Activity:
For this exercise, write out only the lines of the entries below from the one with "Obraz premium Young" up to and including the one with "Üst ve beton", exactly as they are. Pictures stay out.

(Extracted data)

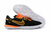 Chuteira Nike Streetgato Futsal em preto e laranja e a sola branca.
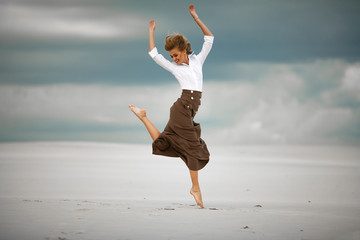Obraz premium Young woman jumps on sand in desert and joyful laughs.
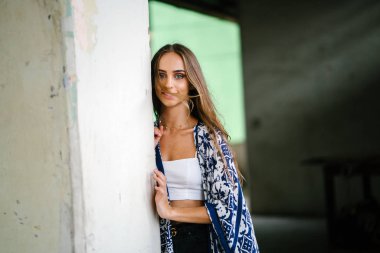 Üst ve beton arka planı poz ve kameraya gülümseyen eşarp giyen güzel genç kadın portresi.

(End Extracted data)
(Extracted data)

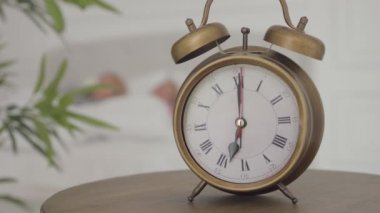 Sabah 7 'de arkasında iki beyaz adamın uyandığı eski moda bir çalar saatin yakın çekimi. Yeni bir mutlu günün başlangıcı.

(End Extracted data)
(Extracted data)

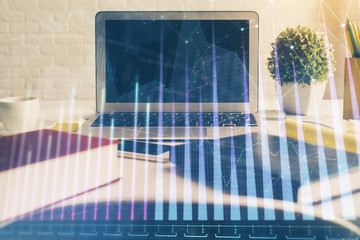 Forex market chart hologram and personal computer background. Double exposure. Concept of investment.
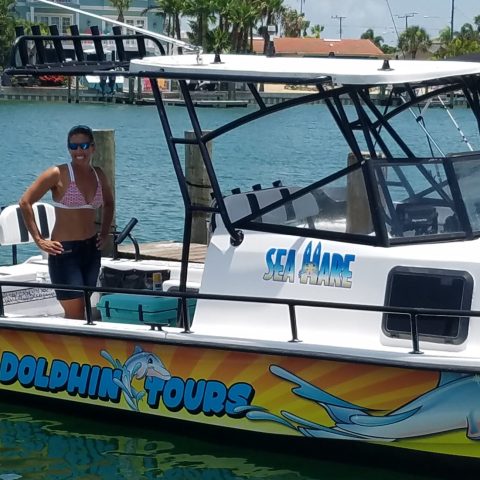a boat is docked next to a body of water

(End Extracted data)

Answer space:
Obraz premium Young woman jumps on sand in desert and joyful laughs.
 Üst ve beton arka planı poz ve kameraya gülümseyen eşarp giyen güzel genç kadın portresi.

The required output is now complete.